Kejadian ini terjadi di jalan Jalan Sapi Nangoh-Paitan yang tujuannya akan
dibawa ke wilayah kerja Perusahaan Sawit IJM dan Meridian.
Jarak tempuh
yang jauh dan human eror menjadi
penyebab utamanya. Perjalanan dari pedalaman sawit ke Bandar Sanadakan
membutuhkan waktu sekitar 4 hingga 12 jam perjalanan. Sungguh melelahkan. Sayangnya,
di Indonesia sendiri peristiwa ini sudah dijadikan lahan penyebaran hoax.
Berbagai berita
negatif dan berbau fitnah tersebar karena berita ini. Padahal peristiwa ini
murni karena human eror. Dan sudah
ditindak lanjuti oleh KPU RI untuk mengganti segala logistik yang terbakar.
Itu hanya salah
satu contoh nyata, betapa pemilihan umum diluar negeri tidaklah mudah. Kerja
yang berat ditambah isu yang terus menyerang menjadi ujian tersendiri. Seperti
kisah saya sendiri, yang harus menempuh jalanan jauh dan berbatu untuk melayani
hak suara mereka.
KSK yang saya
pimpin adalah KSK 04 yang terletak di Perusahaan sawit Terusan 2 Estate dibawah
naungan Wilmar Plantition. Selain itu, saya harus membantu kawan lainnya di ladang-ladang
kecil. Seperti ladang Andamy, Kamansi Dua, dan Hiew Syn Kiong. Dan pemungutan
suara itu tidak bisa dilakuakan dalam 1 hari.
Kami diberikan
kesempata selama 3 hari untuk keliling ke ladang-ladang sawit itu. Udara panas,
dan jarak yang jauh menjadi suguhan wajib. Terlebih lagi ladang kecil, yang terkadang
hanya berpenghuni 20-40 orang Indonesia. Namun, mereka punya hak yang sama,
selama dia bisa menujukan identitas sebagai Orang Indonesia, maka mereka berhak
menentukan pilihannya.
Mereka punya hak
untuk mengikuti pesta demokrasi 5 tahunan ini. Disini, mereka hanya mencolos 2
surat suara, yaitu suara pemilihan Presiden-Wakil Presiden dan DPR-RI. Banyak
dari mereka yang tak paham, siapa orang yang didalam surat suara itu. Namun,
dengan sosialisasi kecil-kecilan, semua berjalan lancar.
Tugas kami
selesai ketika penyerahan kembali kotak suara ke Sandakan untuk kemudian
dihitung di Konsulat Jenderal Republik Indonesia (KJRI) Kota Kinabalu, Sabah.

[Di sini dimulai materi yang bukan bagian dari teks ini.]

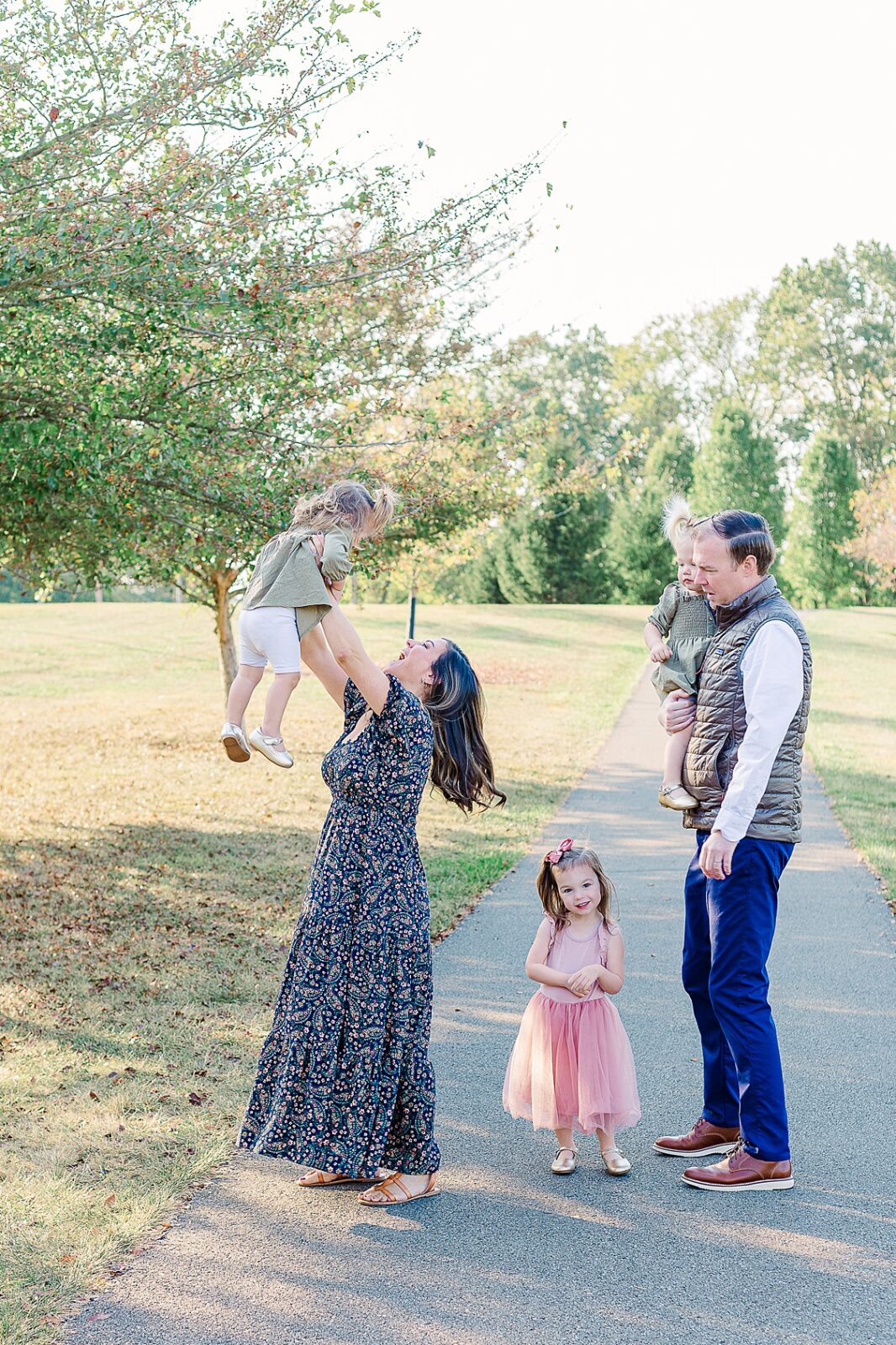 family having a fun moment during Pittsburgh holiday card shoot with young toddler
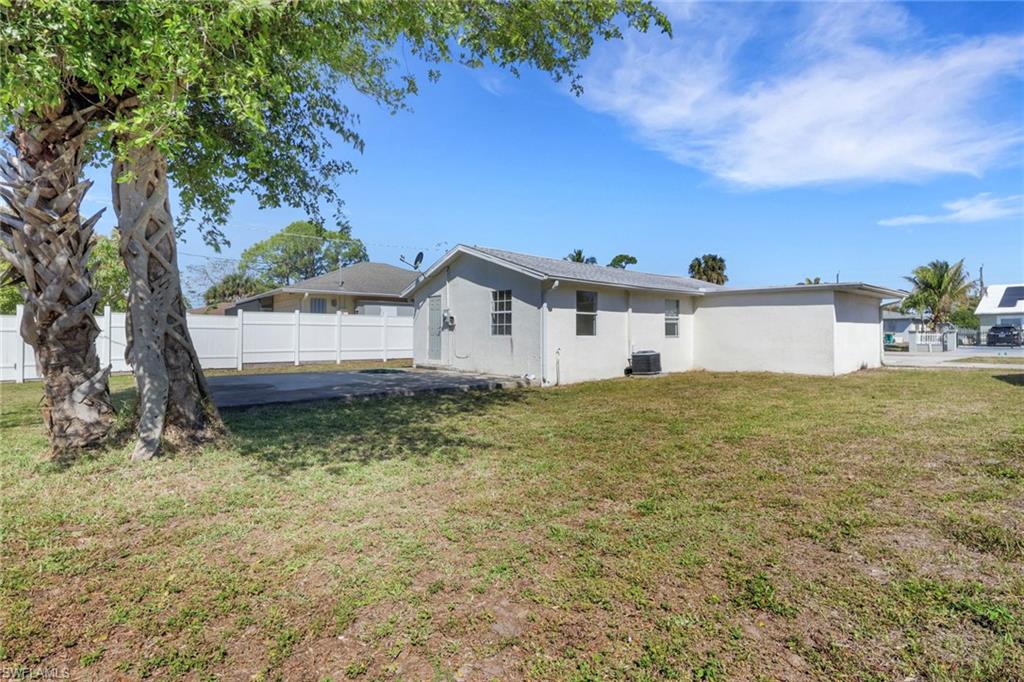 5326 Dixie Drive Naples, FL 34113 - Photo 23 of 25 a view of a house with a yard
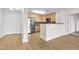 Kitchen with stainless steel appliances, wooden cabinets, breakfast bar, and hardwood floors at 510 Glenwood Ave # 510, Raleigh, NC 27603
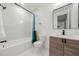 Modern bathroom with white marble and wood vanity at 130 Wesley Place, Fayetteville, GA 30214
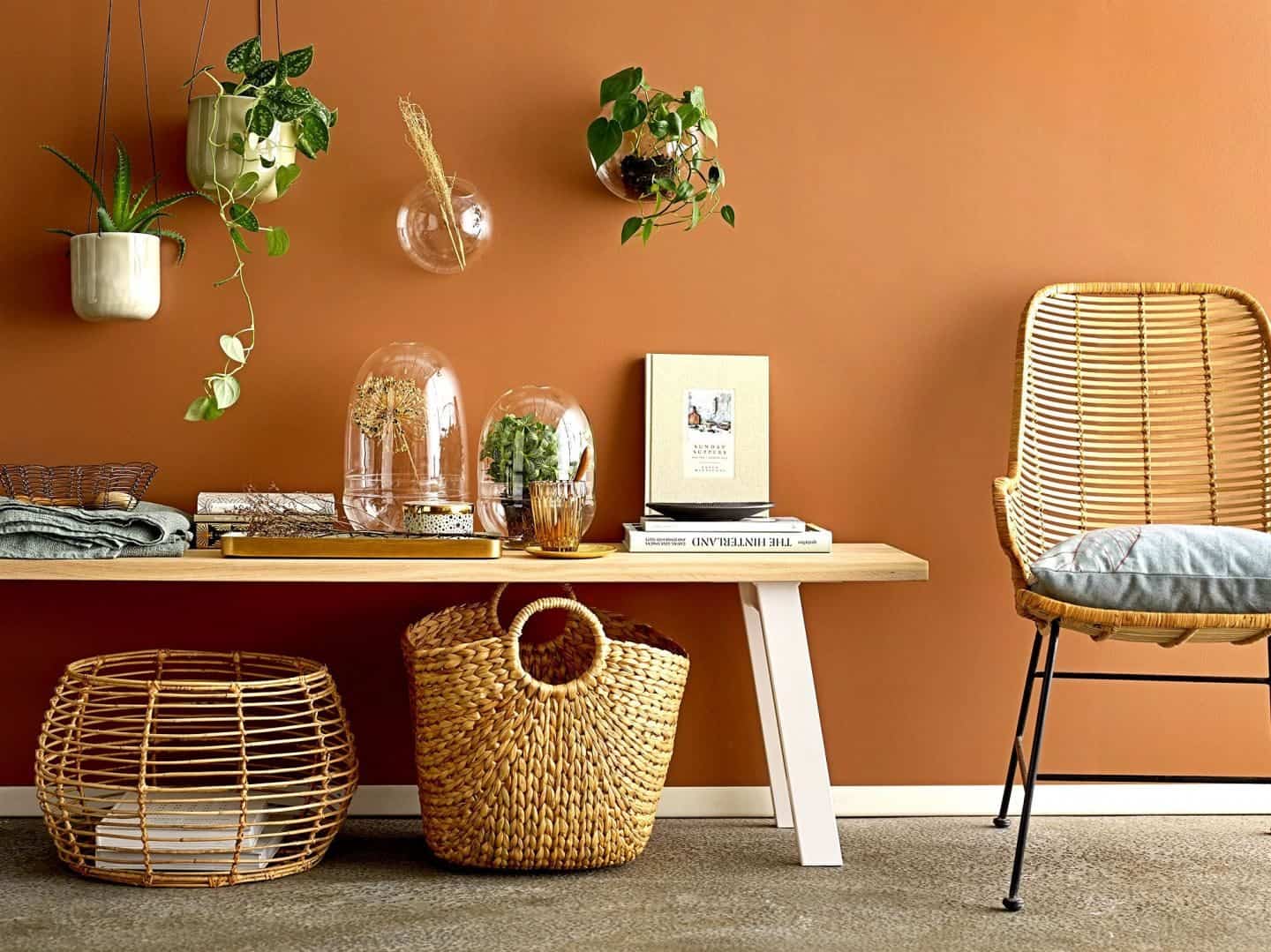 Shekåbba The Danish Home stocks a range of Danish homewares. A coffee table, baskets and rattan chair against a terracotta wall dotted with hanging plants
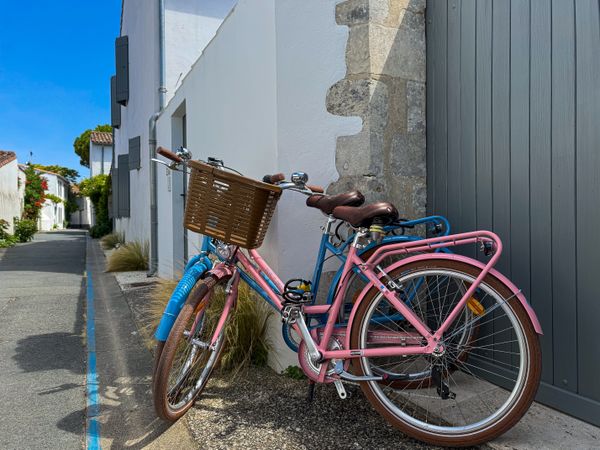 Blue and Pink bicycles on Rue des Pêcheurs, ile de ré, France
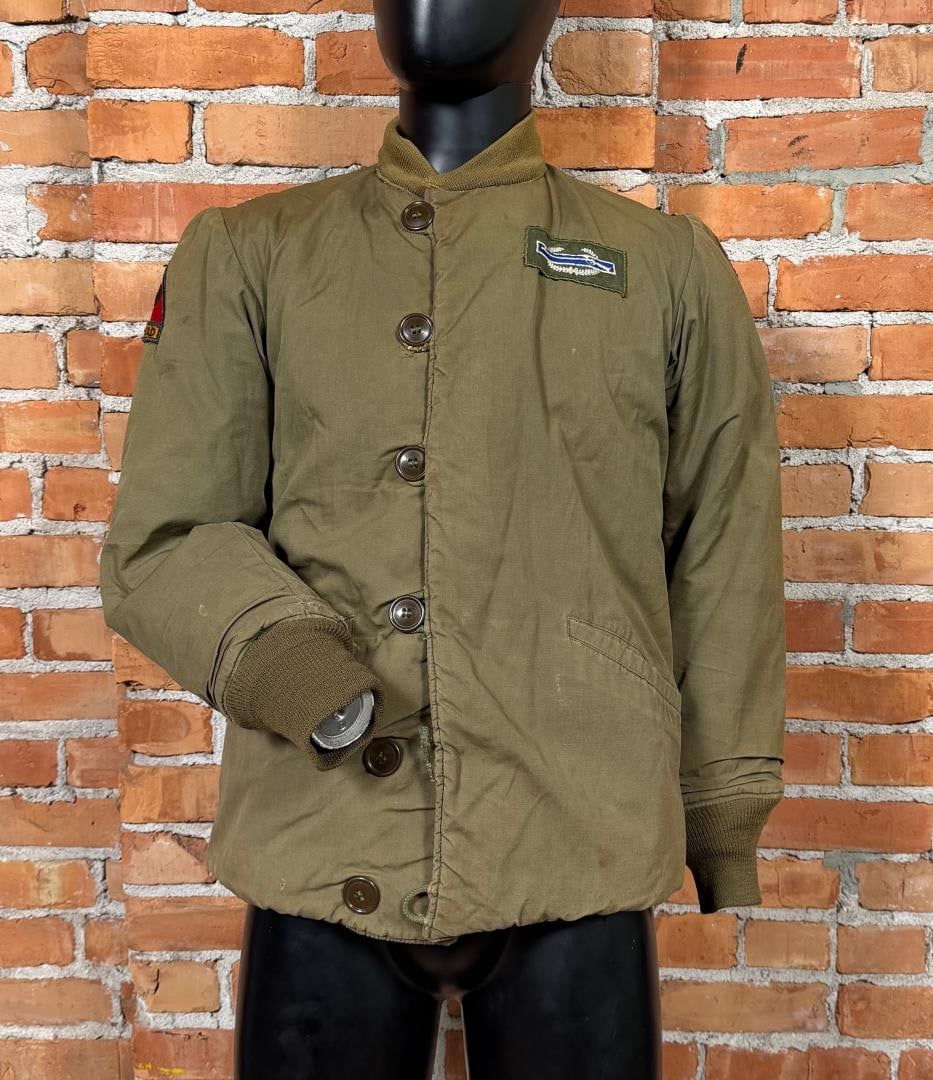 Named WW2 US Army M43 Field Jacket Pile Liner: Size 38R. Stenciled Curtright on the inside of the jacket. Complete with 3rd Armored Division Spearhead Patch and Combat Infantryman Badge on the chest.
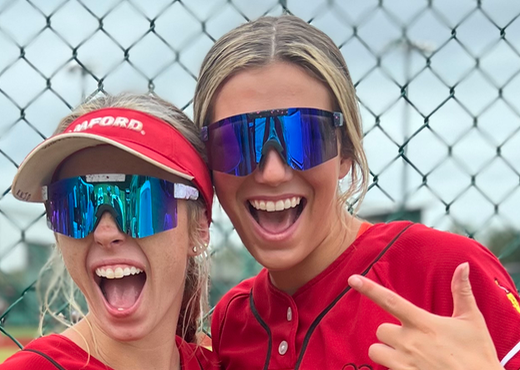 Two girls having fun wearing ThrillVision sports sunglasses during a break between innings on the field.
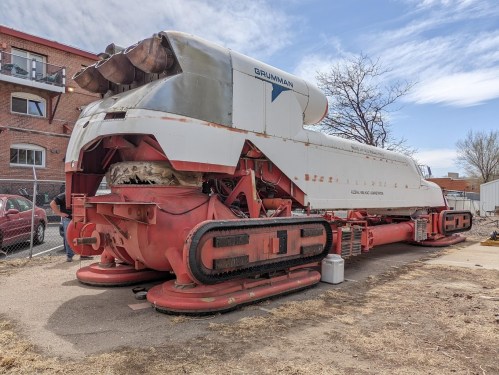 A large, vintage snowmobile with a distinctive design, parked outdoors near a building and surrounded by a fence.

Tepat tanggal 17 April 2019 penghitungan suara dilakukan. Jarak dari Sandakan
ke Kota Kinabalu sekitar 300 km, dan membutuhkan waktu 5-6 jam perjalanan. Di
sana, semua petugas TPS dan KSK berkumpul menjadi satu untuk tujuan yang sama,
yaitu rekapitulasi hasil dari pemungutan suara di ladang-ladang.
Terhitung 3 hari
kami semua melakukan kegiatan itu, saya sendiri memulai jam 17.00 sore hingga
selesai jam 01.00 dini hari. Waktu 7 jam itu hanya 2 surat suara, bisa
dibayangkan betapa lelahnya kawan-kawan petugas yang ada di Indonesia karena menghitung
5 surat suara.
Selama proses 3
hari penghitunga suara, dihasilkan 87.227 orang Indonesia menggunakan hak
pilihnya dari DPT 140,878. Suara untuk pasangan calon 01 sebanyak 71.109 orang
dan pasangan calon 02 sebanyak 15.555 orang, sedangkan sisanya suara tidak sah.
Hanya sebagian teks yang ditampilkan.